Ebenfalls gut belegt sei Theorie Nr. 2, wonach zumindest bei manchen Patienten eine Autoimmunreaktion hinter Long Covid steckt. Die Autoren einer 2022 im Fachjournal »Cell« erschienenen Arbeit hätten nicht nur dafür experimentelle Belege gefunden, sondern auch für Theorie Nr. 3, wonach eine SARS-CoV-2-Infektion latente Viren wie das Epstein-Barr- oder auch Cytomegalievirus reaktiviert, was dann Long Covid nach sich ziehen kann (DOI: 10.1016/j.cell.2022.01.014).

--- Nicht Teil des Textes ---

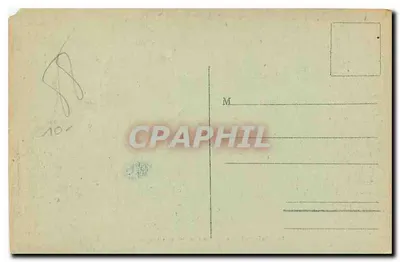 O Grand-Hôtel de la Feuillée-Dorothée em elevação — editor não identificado, número de série não visível — Verso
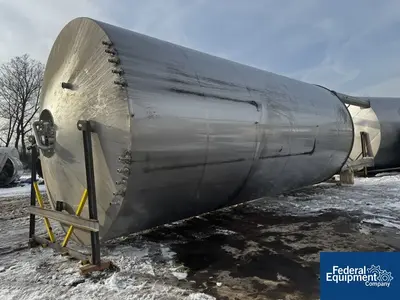 USED M Roth GmbH & Co 31,372 Gal M Roth GmbH Storage Tank, 304 S/S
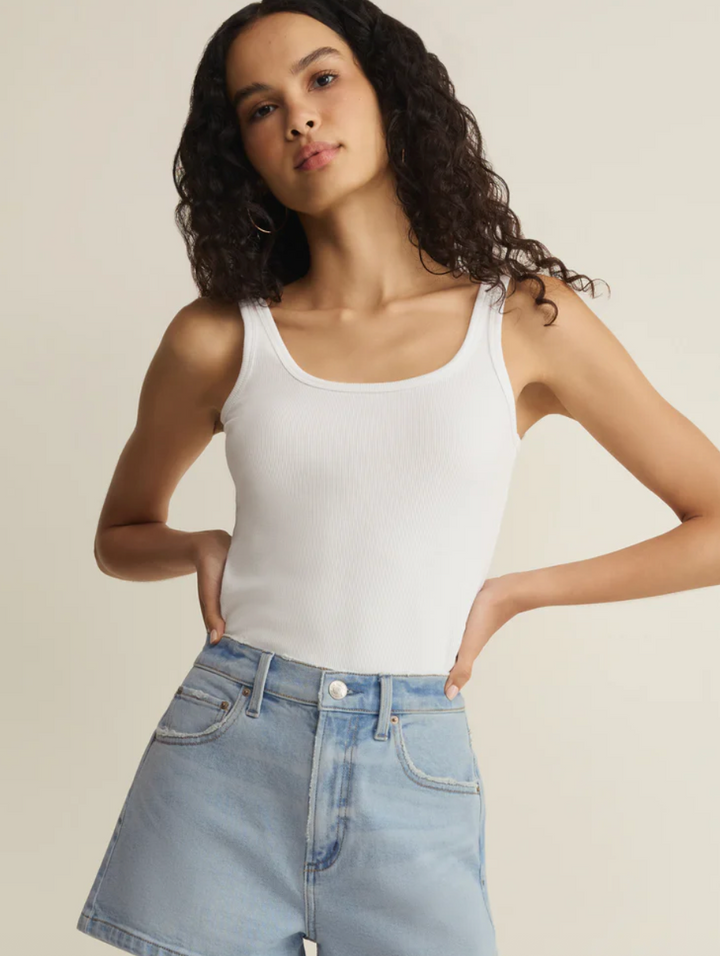 Camila A-Line Denim Short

Die vierte Theorie schließlich stellte Iwasakis eigene Arbeitsgruppe ebenfalls 2022 in »Cell« auf (DOI: 10.1016/j.cell.2022.06.008). Sie besagt, dass bereits eine leicht verlaufende SARS-CoV-2-Infektion die vermehrte Produktion des Zytokins CCL11 auslösen kann, was wiederum eine neuronale Dysfunktion und einen Angriff auf die Nerven-Schutzschicht Myelin triggern kann.

Zuletzt präsentierte Iwasaki Ergebnisse der MY-Long-Covid-Studie, die noch nicht in einem Fachjournal publiziert wurden. Demnach liegt bei Long-Covid-Patienten häufig ein bestimmter Immunphänotyp vor, der unter anderem durch erhöhte Level an erschöpften T-Zellen, IL-4/IL-6-positiven T-Zellen und aktivierten B-Zellen gekennzeichnet ist. Des Weiteren bilden Long-Covid-Patienten mehr Anti-Spike-Antikörper als Personen, die nicht an Long Covid leiden, diese Antikörper sind aber nicht funktionsfähig. Zudem ist ein niedriger Cortisolspiegel sowohl mit Long Covid als auch mit einem schweren Akutverlauf der Erkrankung assoziiert. »Dies war in unserer Studie der Faktor mit dem stärksten prädiktiven Wert«, so Iwasaki.